La cosa es que Paco Fernández Ochoa supo rentabilizar, al menos en cuanto a fama nacional el éxito logrado. Era nuestro mejor esquiador de todos los tiempos, y eso es mérito que pervive con mayor razón que los motes avispados a los futbolistas, porque se puede medir.
Una fecha del pasado. Casi nada.
Hace unos días le hicieron un homenaje en Cercedilla, descubrían la estatua de un esquiador con los brazos en alto. Era él, aquel día, como si no hubiera pasado el tiempo, 24 años de nada, allí estaba en bronce. Hay una foto muy significativa. Aparece esa figura recién descubierta y Paquito elevando los brazos, ambos se parecen pero existe una diferencia conmovedora. En la figura el esquiador está de pie, Paquito eleva los brazos, sus manos abiertas son las de la estatua, pero él ya no puede estar alzado, aparece sentado en una silla de ruedas, debilitado por la enfermedad. Son la misma persona en dos momentos diferentes de la vida.
Hacia el 2002 Muehlegg aquel esquiador de fondo al que aquí le llamábamos Juanito por aquello de hacerlo más cercano, ya que le habían conseguido los papeles para representarnos en los Juegos y estaba el hombre rayando a gran altura. Aunque a mí, particularmente, no me parecía esquiar aquellas palizas con los esquíes tan pequeños, que tenías mucho más de maratón que de descenso. Aún así llevaba tres oros, que no es cosa baladí. Entonces Juanito Fernández Ochoa cargaba contra el gigantón de mandíbula prominente, no le convencía aquello de traernos el talento de fuera para competir. Después de todo, aquel muchacho, atraído por nuestras partidas presupuestarias y por nuestra tortilla, apenas se defendía, con gracia eso sí, en nuestro idioma.

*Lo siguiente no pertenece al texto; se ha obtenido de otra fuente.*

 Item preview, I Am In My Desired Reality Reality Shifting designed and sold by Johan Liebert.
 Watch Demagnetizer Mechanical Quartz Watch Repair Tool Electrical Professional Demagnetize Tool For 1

De alguna forma sus triunfos lo disminuían a él. Lo alejaban, relativizaban su propio éxito (cada vez más lejos en el tiempo).
Pero la cosa cambió, cuando se descubrió que Muehlegg era un fraude, un deportista embustero, de esos que se dopan. Entonces dijo que "ahora más que nunca estaba con Muehlegg". Paquito Fernández Ochoa estaba de nuevo a salvo, sus logros ya sin parangón, sin comparación posible, ya sin nada que temer. Y todos sentimos una cierta solidaridad con aquel hombrón al que la baba se le congelaba caminando por las nieves. También la sintió Paquito, aunque aquel ya no era Juanito ni lo iba a volver a ser. Era otra vez Johann y no tenía ya nada que ver con nosotros. Los que lo contrataron le volvieron la espalda. Tenía ya un nombre cosido en cada paso, tramposo, y esa es una sombra de la que no se escapa fácilmente.